Huffington Post     First Posted: 02/ 1/2011 10:51 am   Updated: 05/25/2011 6:30 pm

Perhaps you've heard of Post Secret? The Website--part art show, part therapy session--asks people to mail in their anonymous secrets on postcards. The result is an often brutally-honest--and compulsively readable--glimpse into strangers' secret lives.

Postcards From Splitsville takes the concept one step further, using postcards as tools for children of divorce to express the anger, hurt, frustration, and sadness surrounding their parents' splits. "Drawing is a way they can express themselves, and to vent," says Postcards From Splitsville founder Kara Bishop.

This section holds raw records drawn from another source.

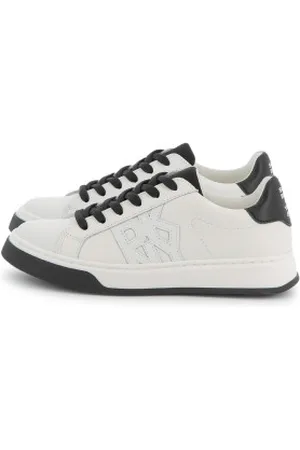 DKNY Unisex para criança. D62089 Sapatilhas brancas (29), Branco, Plano, Cordão, Casual, moda infantil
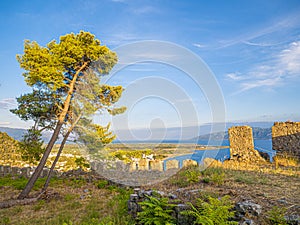 Cemetery the city of Nafpaktos. Gulf of Corinth, Greece.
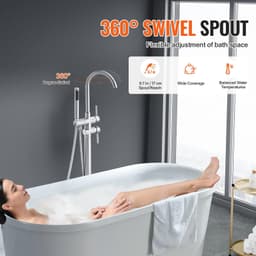 image-VEVOR Freestanding Bathtub Faucet, Floor Mount, Freestanding Tub Filler, Shower Mixer Taps, Two Water Modes, 360° Swivel Spout, for Bathing & Showering Pet Bathing Cleaning Drains Toilet Flushing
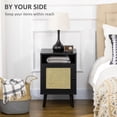 thumbnail image 4 of HOMCOM Nightstand, Bedside Table, Side Table w/ Cupboard and Shelf, Black, 4 of 10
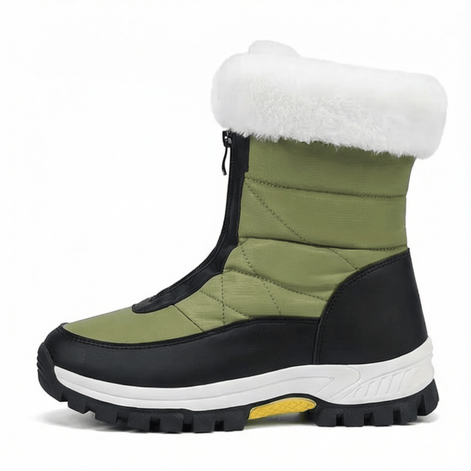 Frostara Quilted Waterproof Faux Fur Lined Women's Winter Boots with Side Zip
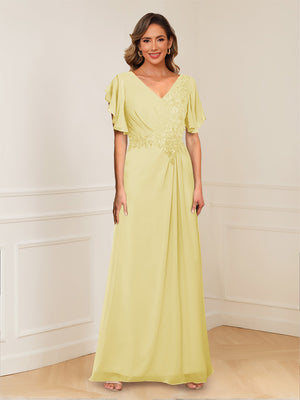 A-Line/Princess V-Neck Short Sleeves Appliques Ruched Mother of the Bride Dresses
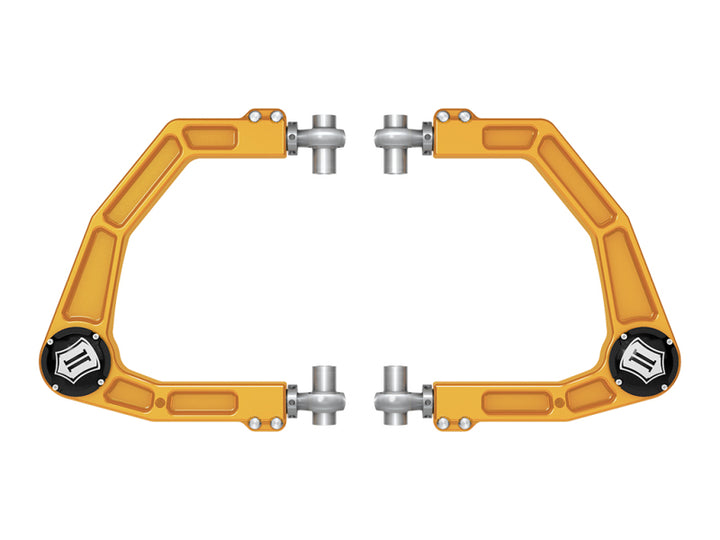 ICON 2024 Toyota Tacoma Billet Upper Control Arm w/ Delta Joint Pro - Gold Anodized - Bull Strap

While the site was inspired by PostSecret (Bishop even contacted creator Frank Warren "to get his blessing"), and features many cards mailed in anonymously (kids can print off a pre-addressed 4"x 6" postcard from the site), most were created during a Tuscon, Arizona-based class Bishop leads for kids of divorce and their parents called Children of Divorce and Changing Families--a program not unlike the San Francisco-based Kids' Turn.

All the images here were created by kids ages 10 to 12, though the site features work by kids of all ages. "These tiny little beings have their world rocked and their whole idea of what family is shatters," says Bishop. "You see that in the pictures."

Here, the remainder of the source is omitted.